My Lords, I am very pleased to see the relationship with the economy being brought to the fore here for two reasons: one is its inherent importance; the second is the query lurking around somewhere about whether the Bill should have anything to do with the economy. Before Glasgow, that query will be blown out of the water. We cannot just go on saying that we are doing things about greenhouse gases, and about what we might call the coefficient between the growth of greenhouse gases relative to the growth of GDP, and thinking everything in the garden is lovely. It is not; the opposite, I am afraid, is true. We have until Glasgow to make sure we are not blown out of the water when it comes to our credentials.
I have raised both in Grand Committee and here, in different contexts, how we are going to make sure that we have a relevant metric—that is what the noble Lord, Lord Callanan, called it—to measure the development of greenhouse gases, the growth of the economy and,
above all, the desired change in the coefficient so that greenhouse gases are going downwards, relative to the growth of the economy, rather than upwards.

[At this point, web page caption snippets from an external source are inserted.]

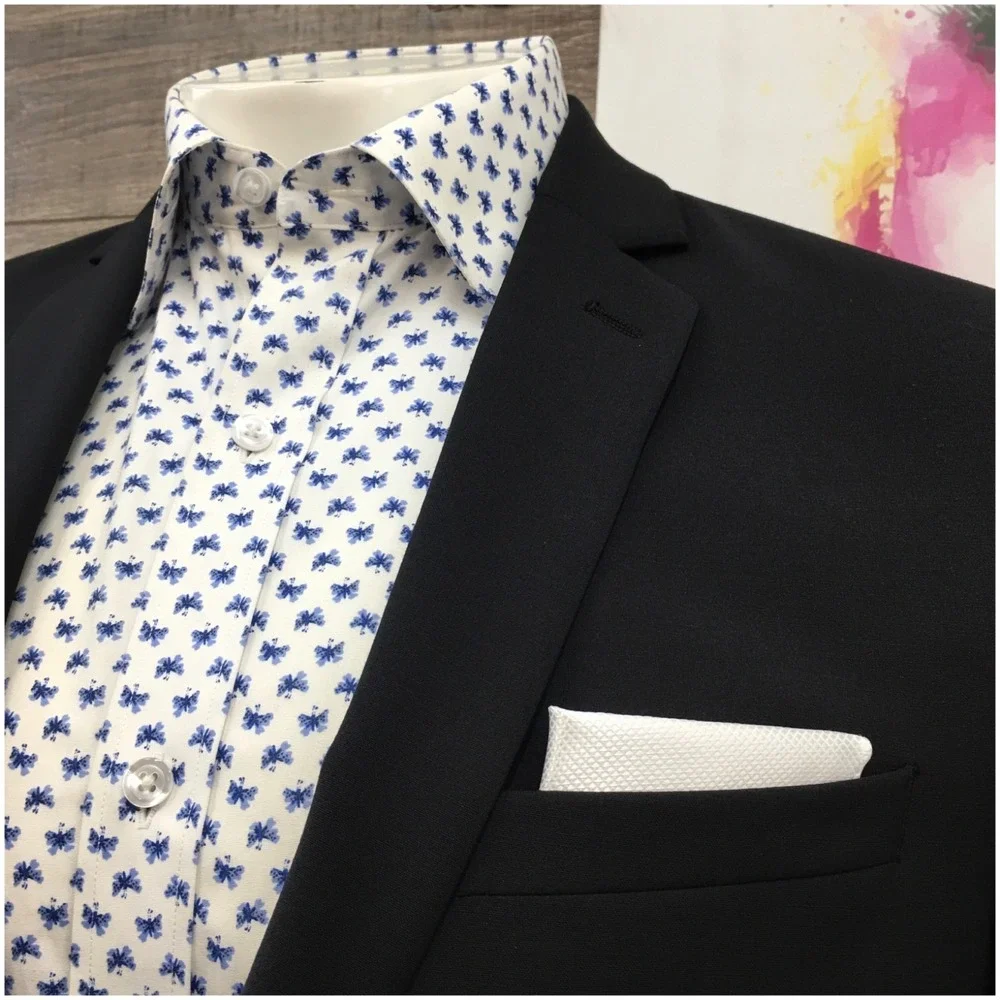 BAR III Men Wool Blazer Sport Coat Casual Jacket Size 42L Slim‎ Fit Black Suit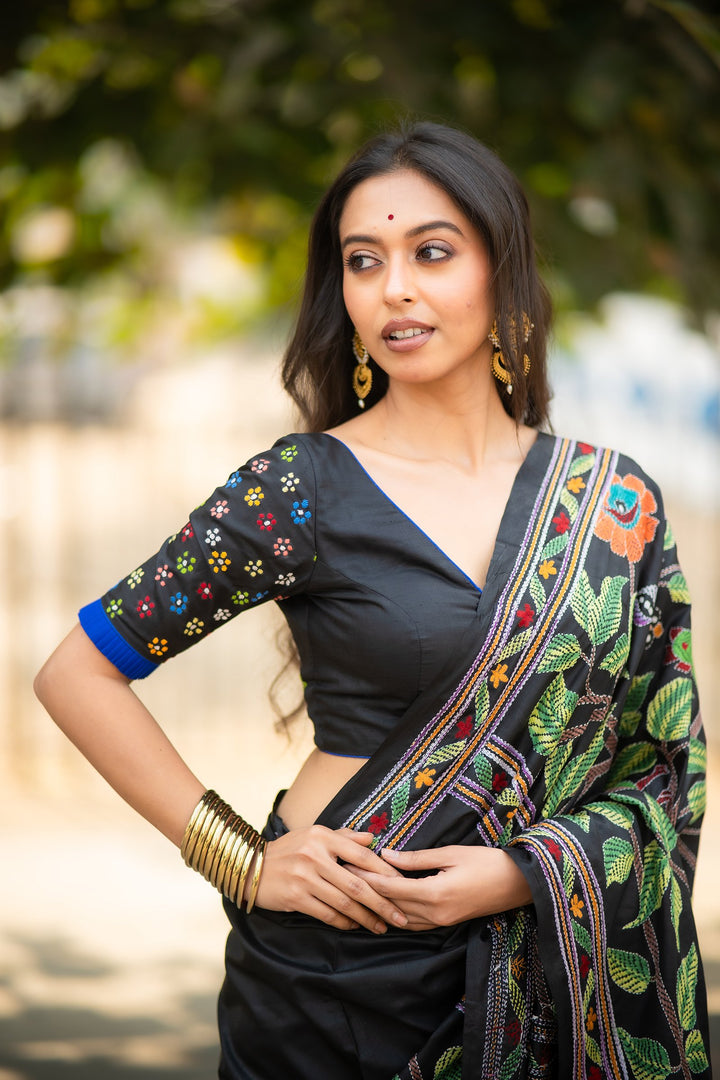 Phulkatha Black Kantha Embroidery Silk Blouse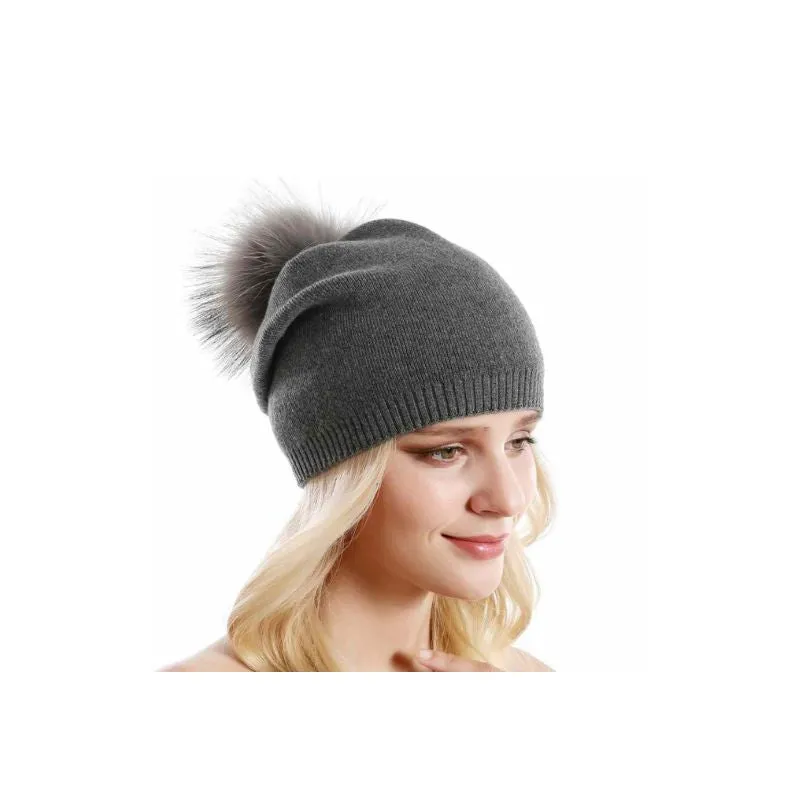 Fur Pom Pom Beanie Hat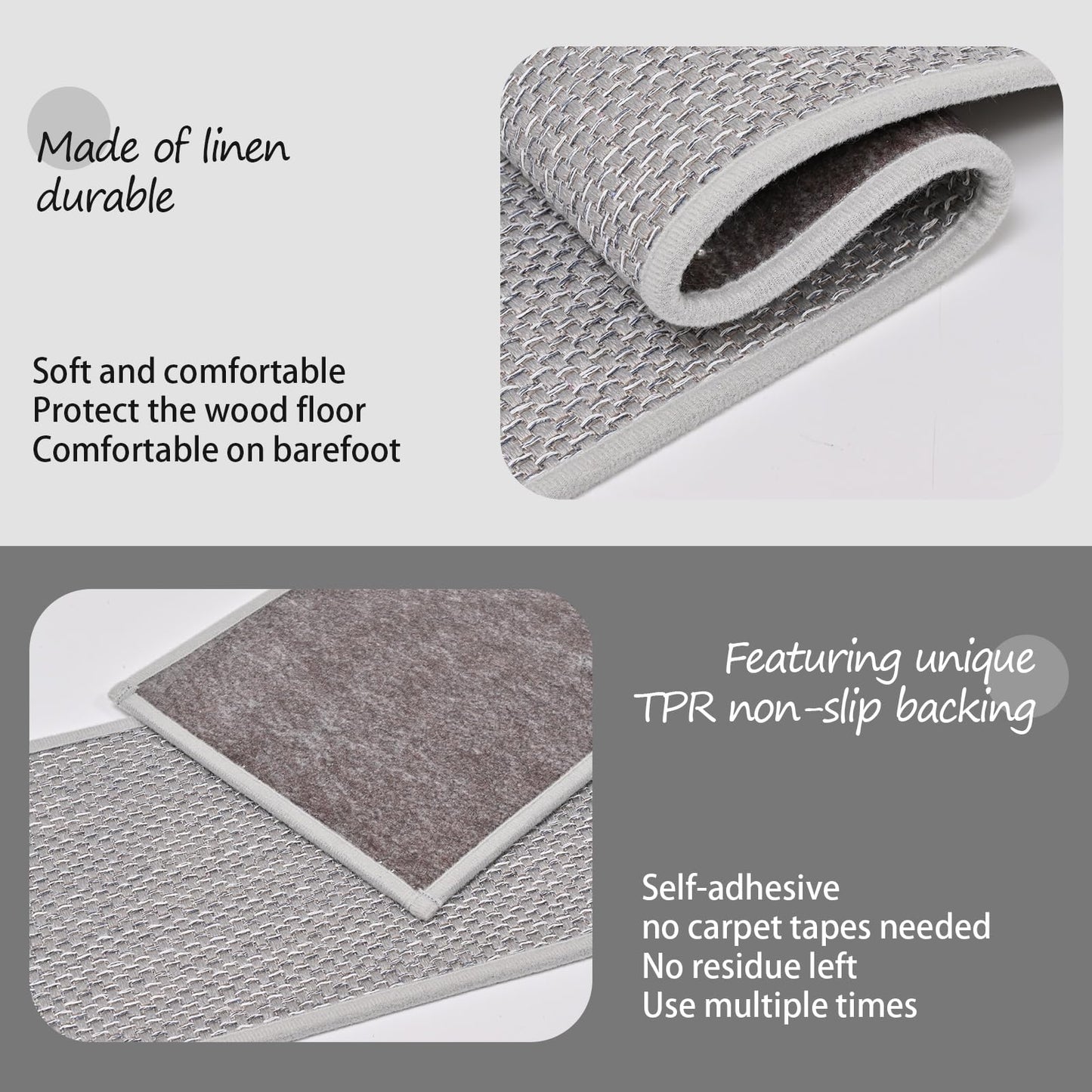 Carpet Stair Treads for Wooden Steps Indoor | Stair Treads Non Slip | Traceless Self Adhesive Stair Runner | Gray 7 Pcs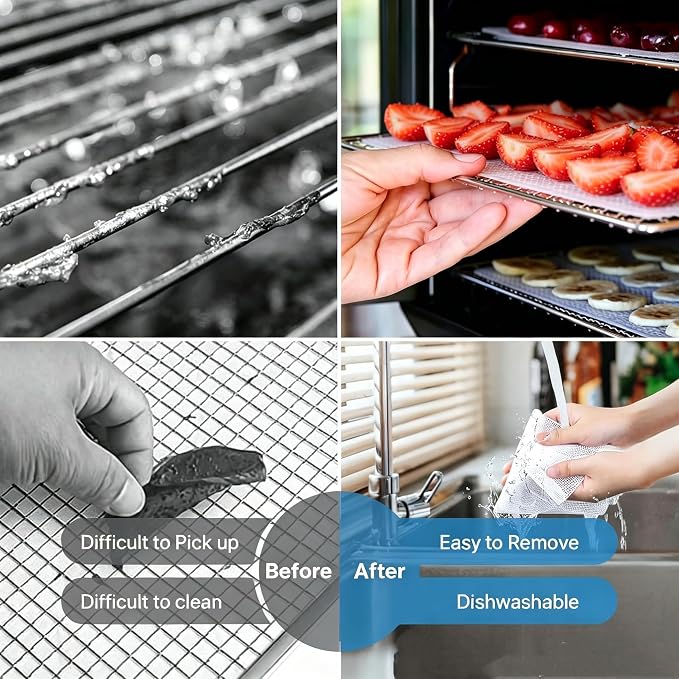 Dehydrator Silicone Sheets for Food Dehydrator Machine, Heat-Resistant Reusable Dehydrator Sheets, Dishwasher Safe Trays to Prevent Food Spills, 6 PCS 11 x 8 in, White, Rectangular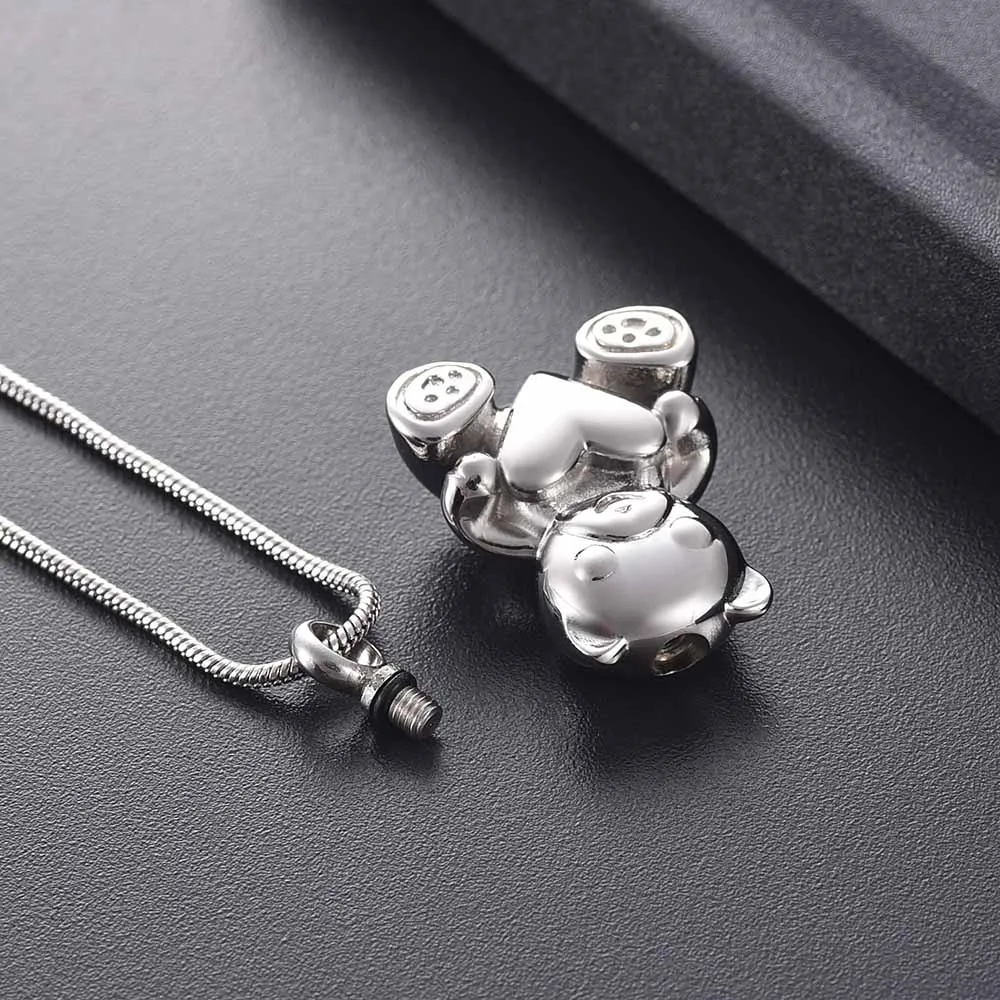 Cremation jewelry cute love bear stainless steel urn necklace to commemorate the dead relatives used for cremation funeral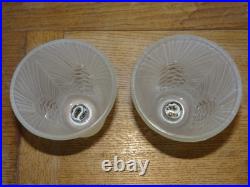 Rare Paire de Tulipes Verrerie d'Art Degué Décor de Pomme de Pin Art Déco 501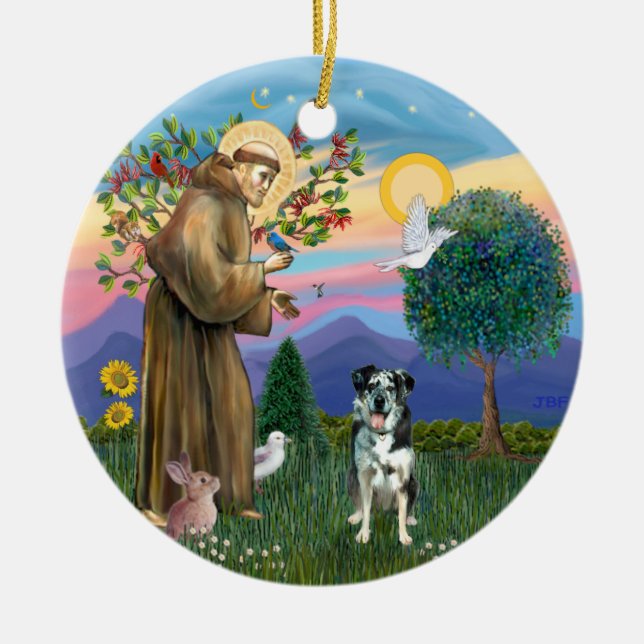 St Francis -  Catahoula Leopard Dog Ceramic Tree Decoration (Front)
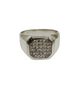 Silver ring with diamond accents on a white background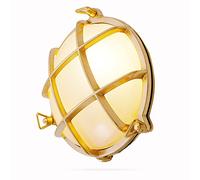 Foresti & Suardi - Lampe Maritime Ronde | Lampe de Bateau | en Laiton Poli | ø 190 mm | IP 54 | E27 culot (Verre satiné)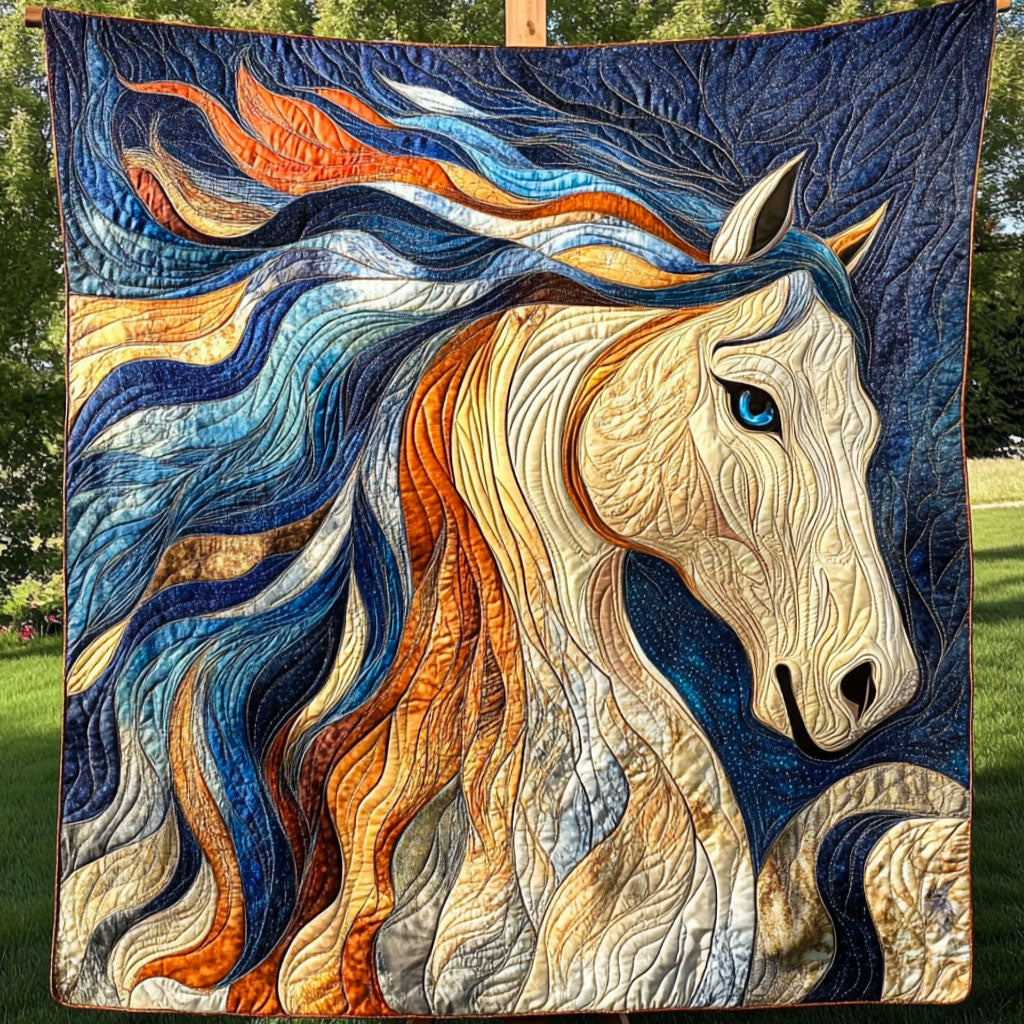 Autumn Blaze Quilted Blanket Nice Throw Blanket Horse Themed Gifts For Adults
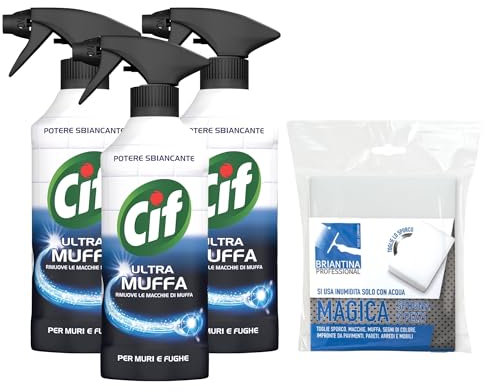 Set Pulizia: Ultra Muffa, Spray Antimuffa, Formato 500 ml, Spray Detergente + Panno In Lattice (3 Flaconi + 1 Panno Lattice) + OMAGGIO 100pz Guanti HDPE Monouso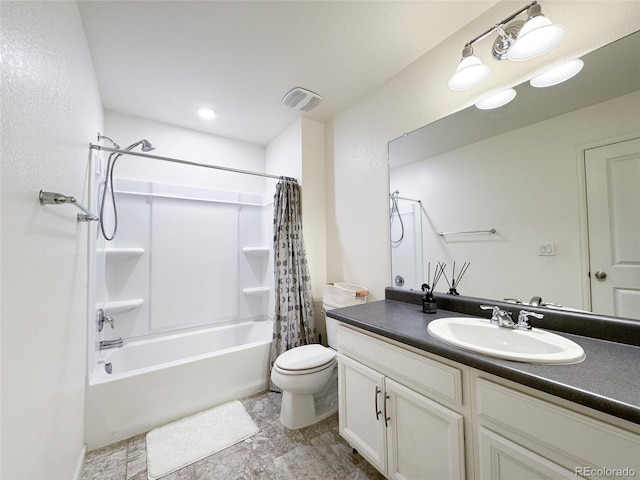 bathroom with shower / bath combination with curtain, toilet, visible vents, and vanity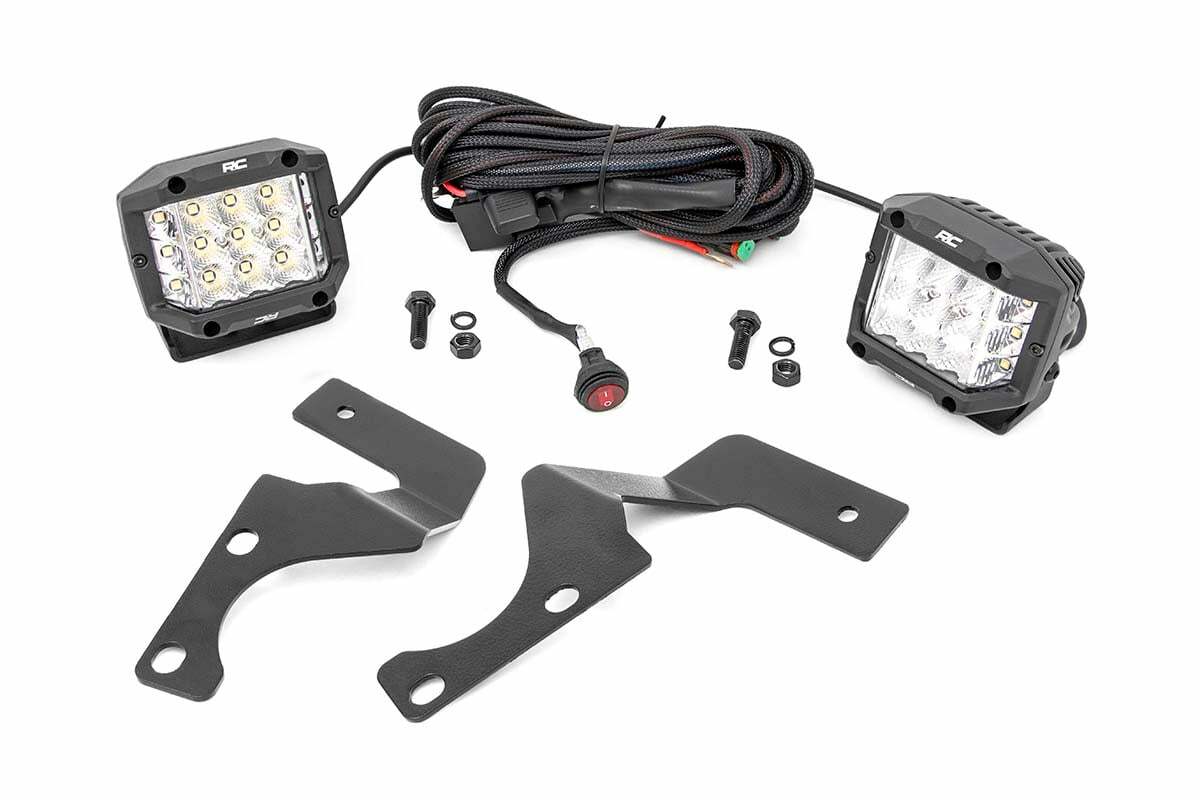 Rough Country - LED Light Kit - Ditch Mount - 3" Chrome Wide Angle Pair - 70793
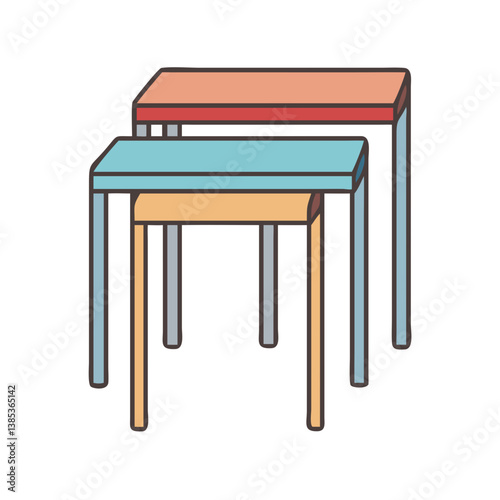 Colorful nesting tables set vector illustration for home decor and furniture design projects and interior design 100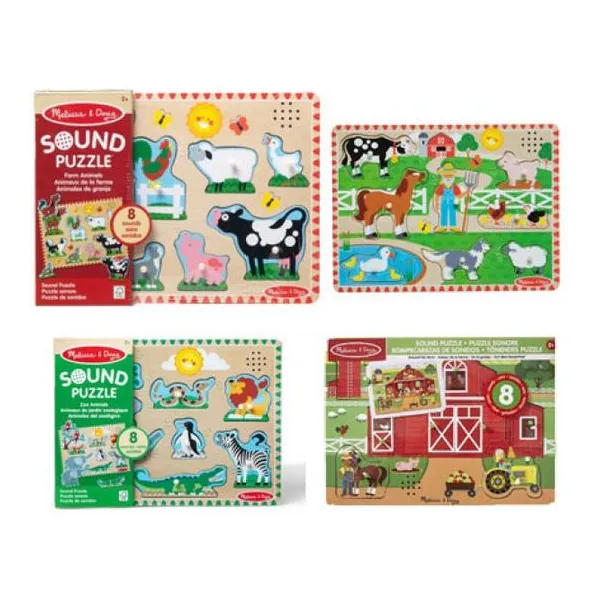 Melissa & doug sound puzzle - rompecabezas de madera con 8 sonidos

Whitehall government is falling between some stools here, and I would like the Minister to take on board the fact that we need to get our act together with some statistical compatibility between the things we think we are talking about. There is no point repeating mantras such as “net zero” and looking at many decades if we cannot even get our quarterly data to make sense. We need to have quarterly data that puts together the recent change in the gross national product on the one hand and the greenhouse gas data on the other. The work done by the Committee on Climate Change leaves open to discussion an alarming divergence, in the wrong direction, of these two metrics.
I am not coming from the same place, politically, as Members from the Green Party. However, some clarity about how our economy, in the short to medium term, should be developing in terms of greenhouse gases, and how this can be made into a more credible picture before Glasgow, is—for the Labour Party and others taking a serious interest in this matter, I am sure—a hugely important requirement. We hear very little about it, and it is partly because of the environment being in a different silo in Whitehall from the economic silos in the department of business and the Treasury. We have some experience of those sorts of arguments; I recognise one when I see one.
I will table an amendment on Report on precisely these questions. This is a good moment, I hope, to flag up the importance of getting something into the Bill which will be an opportunity to make some progress before Glasgow, so that we do not look like the emperor with no clothes.